New Memory Architectures for SoCs and Multi-Die Systems

Before we dive headfirst into the fray with gusto and abandon (and aplomb, of course), let’s briefly remind ourselves as to the current state-of-play on the chiplet and multi-die systems front. Let’s start with the fact that artificial intelligence (AI) and machine learning (ML) are becoming pervasive and ubiquitous. Let’s also remind ourselves that we create our systems using a variety of processing elements, including CPUs, GPUs, NPUs, TPUs, and other hardware accelerators.
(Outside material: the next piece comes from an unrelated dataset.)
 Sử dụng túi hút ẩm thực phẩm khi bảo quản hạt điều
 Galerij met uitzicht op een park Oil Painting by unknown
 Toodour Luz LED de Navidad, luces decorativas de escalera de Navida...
The way we design devices like ASICs, ASSPs, and SoCs today is that we purchase intellectual property (IP) blocks for commonly used functions from trusted third-party suppliers. These IPs might be processors, memory controllers, high-speed interfaces, etc. We also create our own “secret sauce” IPs that will differentiate our device from its competitors. All these IPs are known as “soft IPs” because they are represented at an abstraction level known as register transfer level (RTL), which is captured in the form of a hardware description language (HDL) like Verilog or VHDL. The IPs are subsequently integrated and synthesized into a gate- and register-level netlist that will be fabricated on the silicon chip. Everything in this paragraph is a gross simplification (apart from this sentence).

Some of the behemoth companies—like AMD, Intel (and newly spun-off Altera), and Nvidia—have the wherewithal to mount multiple silicon chips (a.k.a. chiplets) on a common silicon substrate. The result is known as a multi-die system. Other, smaller companies dream of having this ability.

At some time in the future, it will be possible for even small companies to purchase “hard IPs” in the form of chiplets, to create their own “secret sauce” chiplets (using the tools and techniques we currently use to design ASICs / ASSPs / SoCs), and have all these chiplets assembled on a common substrate and packaged in a single package. This day is getting closer. As per the 2025 Chiplet Summit, chiplet-centric tools, technologies, and ecosystems are currently sprouting like mushrooms.

Now let’s turn our attention to memories. Life used to be so much simpler when I was a lad. In the case of semiconductor memories (I’m excluding earlier technologies like mercury delay lines and magnetic core stores from these discussions), we had ROM and RAM, where the former was non-volatile (a.k.a. persistent), and the latter was volatile (a.k.a. transient).

When it came to RAM, we had two yummy flavors: Dynamic RAM (DRAM) and Static RAM (SRAM). Viewing things on a per-memory-cell basis, DRAM was cheaper, occupied less real estate, and consumed less power, but it was slower, while SRAM was faster, but it was more expensive, occupied more real estate, and consumed more power.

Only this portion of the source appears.